The other method, and the one I’m going to illustrate in this tutorial is similar to the above method except we don’t cache the content of the site, rather we hash it and compare the pages hash to another hash to see if there has been any changes in the site. This method works perfectly for what I need it for because I don’t need to specifically know what the changes were just that there has been changes made. Basically I need to be alerted when the page changes but I don’t need to know the specific changes in the page.
So lets get this tutorial started! First off, what we are basically going to do is grab the page
that we are monitoring and hash it using md5, then we will compare that hash to a set hash of the page from the state we are comparing it to. That way even if one letter or character was changed the hash would be different and therefore would show us that a change has been made. It is really more simple than it sounds
Step 1
Since we are going to need a preset hash for our script to compare periodic hashes to we are going to make a script that will give us a preliminary hash of the page.
<?php
$url = “URL OF THE PAGE YOU’RE MONITORING”;
$page = file_get_contents($url);
echo md5($page);
?>
Now, save that script and execute it, it will give you the md5 hash that you need to insert into this next script in order for it to function properly.
Step 2
Now that we have the md5 hash that we need, plug it into the following script.
<?php
$url = “URL OF PAGE YOU’RE MONITORING”;
$page = file_get_contents($url);
//HASH YOU GOT FROM THE PREVIOUS SCRIPT (STEP1)
$md5_orig = “d41d8cd98f00b204e9800998ecf8427e”;$md5 = md5($page);
if ($md5 == $md5_orig) {
echo “Page content has NOT changed yet…”;
}
elseif ($md5 != $md5_orig) {
echo “Page content HAS changed, go check it out!”;
}?>
This script will basically go out and grab the page content, compare it to a hash of the old content and if it’s changed, it will tell you to go see the changes, otherwise it will tell you there has been no changes in the page.

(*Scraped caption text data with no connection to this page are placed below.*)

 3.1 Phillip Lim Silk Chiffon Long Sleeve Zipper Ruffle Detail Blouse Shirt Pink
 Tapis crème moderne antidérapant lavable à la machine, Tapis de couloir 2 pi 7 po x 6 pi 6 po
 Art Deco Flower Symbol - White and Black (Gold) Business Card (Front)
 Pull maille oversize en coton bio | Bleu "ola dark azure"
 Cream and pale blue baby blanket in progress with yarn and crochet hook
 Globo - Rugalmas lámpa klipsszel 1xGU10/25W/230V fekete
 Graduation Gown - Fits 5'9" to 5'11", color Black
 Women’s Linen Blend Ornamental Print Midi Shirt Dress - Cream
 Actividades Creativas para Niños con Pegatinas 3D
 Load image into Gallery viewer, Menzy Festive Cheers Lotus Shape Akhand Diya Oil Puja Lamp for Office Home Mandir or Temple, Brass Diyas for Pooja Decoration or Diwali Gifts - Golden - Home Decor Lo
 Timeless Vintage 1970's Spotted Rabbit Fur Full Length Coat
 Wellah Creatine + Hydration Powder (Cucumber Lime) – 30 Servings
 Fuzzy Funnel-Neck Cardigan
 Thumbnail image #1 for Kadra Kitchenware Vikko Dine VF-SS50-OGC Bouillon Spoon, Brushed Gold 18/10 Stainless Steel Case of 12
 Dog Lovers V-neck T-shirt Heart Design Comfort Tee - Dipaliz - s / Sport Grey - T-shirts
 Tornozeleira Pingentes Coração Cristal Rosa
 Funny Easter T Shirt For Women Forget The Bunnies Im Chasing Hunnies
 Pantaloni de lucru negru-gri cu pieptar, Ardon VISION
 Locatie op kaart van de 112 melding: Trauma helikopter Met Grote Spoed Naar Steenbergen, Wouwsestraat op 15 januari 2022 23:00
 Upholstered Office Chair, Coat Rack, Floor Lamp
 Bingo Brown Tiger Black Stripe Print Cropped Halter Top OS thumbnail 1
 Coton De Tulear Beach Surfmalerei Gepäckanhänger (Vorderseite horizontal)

I understand that this is a fairly simple and primitive approach to the problem, but hey, it works! Now, all you have to do is change the values where it is marked and save the script to your server and you’re good to go! This script will check the page everytime you load the script, an alternative to this is to setup a cron job to run the script and have it save the results to a file or email them to you, this is far more convenient and I highly recommend it!
Well, this pretty much concludes this tutorial, go try it out and leave a comment with your experience or any questions you have and I’ll try to address them ![]()
Great idea but it still doesnt replace RSS or Atom. I using just parse the page with preg_replace its more useful because i can actually see the content.
It’s a nice way to know if the page has changed but no so effecient comparad to RSS or Atom. Thanks for sharing it
The solution here was not meant to be as efficient as RSS or Atom, that’s why RSS and Atom was created
The script was created as a solution for sites that don’t have RSS or Atom feeds. I created it originally to track a page on GoDaddy for changes so I would know when they updated it. Since it is a static page and isn’t in the mainstream RSS feeds.
@Robkid - I also have used preg_match() in conjunction with this script so I could display the content that was changed in the update, I may post that script here in the next couple days
Finally. I love this explanation. I’ve been looking for something like this.. Thanks.